= Stiven De Johnston =

Stiven De Johnston is said to have been the founder of the Johnsons of Hilton.

== Life ==
Stiven is first recorded in a genealogical account of the Johnsons of Hilton. He is said to have lived during the reign of King David II, meaning that he was alive between 1331 and 1368. Johnston lived in Aberdeenshire, Scotland during this time. He is said to have been the brother of the laird of Johnston considering that he shared the same surname and was later able to procure a position of power in Aberdeenshire. Throughout his life he was known as the "clerk" due to his love of knowledge and research. His knowledge earned him a secretary position to the Earl of Mar during this period of time.

== Marriage ==
Stiven de Johnston married to Margaret, the heiress of the Garioch. Through his marriage he obtained a variety of land including Caskieben, Crimond, and Kinburn. He renamed the lands that he obtained as Johnston. This started the Johnston aristocracy in Aberdeenshire. Their marriage produced multiple offspring including John de Johnston who later went on to rule the family as a patriarch following the death of Stiven de Johnston.

== Legacy ==
Stiven de Johnston is considered to have started the Johnstons of Hilton clan in eastern and northern Scotland, although there is still some debate as the Johnstons of Hilton name at Hutton Hall was not formally adopted until the 17th century.
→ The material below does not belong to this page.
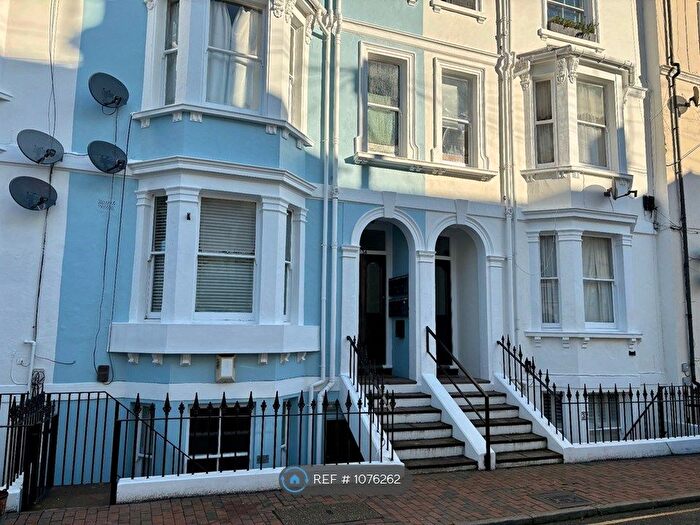 1 Bedroom Flat To Rent In Dudley Road, Tunbridge Wells, TN1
Considering that Stiven de Johnston was the first recorded property owner in Aberdeenshire with a last name of Johnston along with the substantial amount of land that he owned began the creation of multiple Johnston Scottish clans which later spread throughout Scotland. His role as a patriarch through the acquisition of Scottish lands allowed the Johnston surname to spread through areas other than just the lowlands.